*What to do*. Given the listing below, write out exactly the lines starting with the line that has "Faded Sunset Palms" and going on through the line that has "LaLaGreen Fence Planters", both kept.

*Material for the task*.
------------

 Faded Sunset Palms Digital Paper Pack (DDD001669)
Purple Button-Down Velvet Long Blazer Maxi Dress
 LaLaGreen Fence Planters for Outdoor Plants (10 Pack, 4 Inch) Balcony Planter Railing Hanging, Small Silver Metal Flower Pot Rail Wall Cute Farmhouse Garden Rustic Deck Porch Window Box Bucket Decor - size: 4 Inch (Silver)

------------

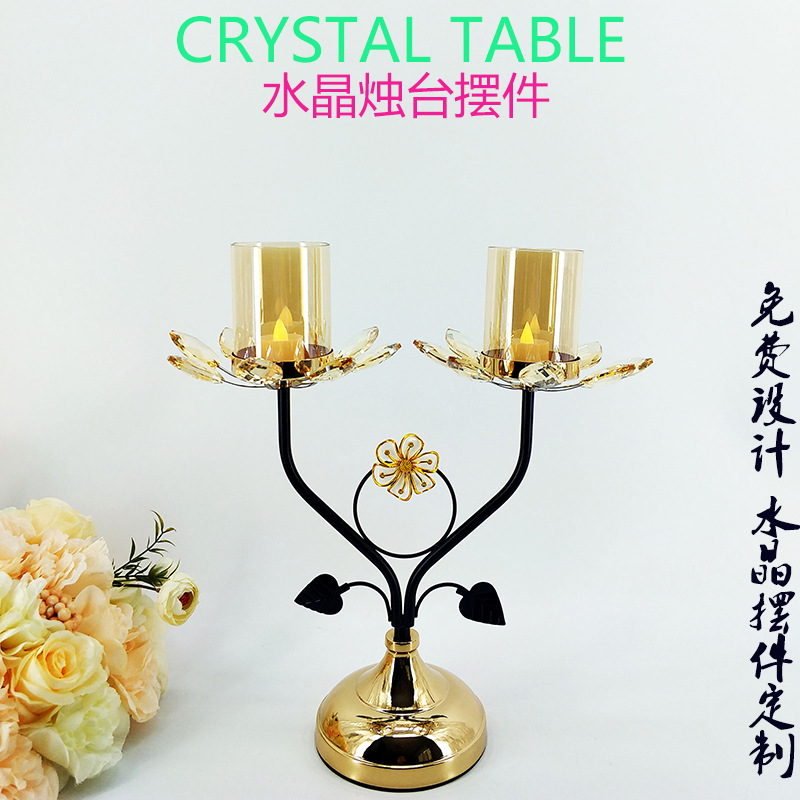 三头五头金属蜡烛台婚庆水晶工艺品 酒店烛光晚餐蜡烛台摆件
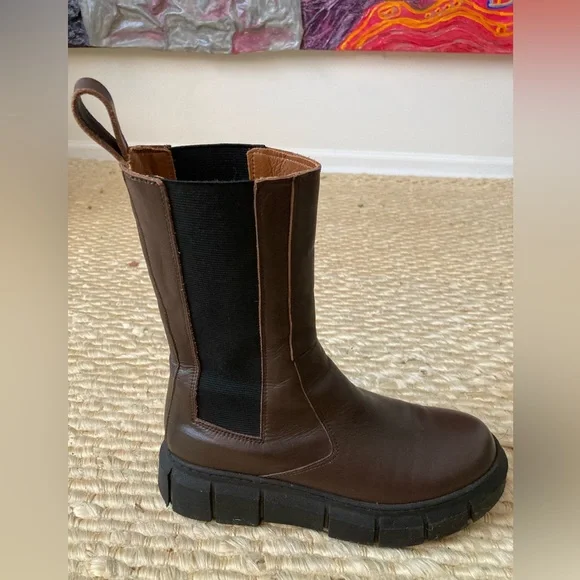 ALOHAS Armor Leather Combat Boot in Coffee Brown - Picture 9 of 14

------------

*Output*.
 Faded Sunset Palms Digital Paper Pack (DDD001669)
Purple Button-Down Velvet Long Blazer Maxi Dress
 LaLaGreen Fence Planters for Outdoor Plants (10 Pack, 4 Inch) Balcony Planter Railing Hanging, Small Silver Metal Flower Pot Rail Wall Cute Farmhouse Garden Rustic Deck Porch Window Box Bucket Decor - size: 4 Inch (Silver)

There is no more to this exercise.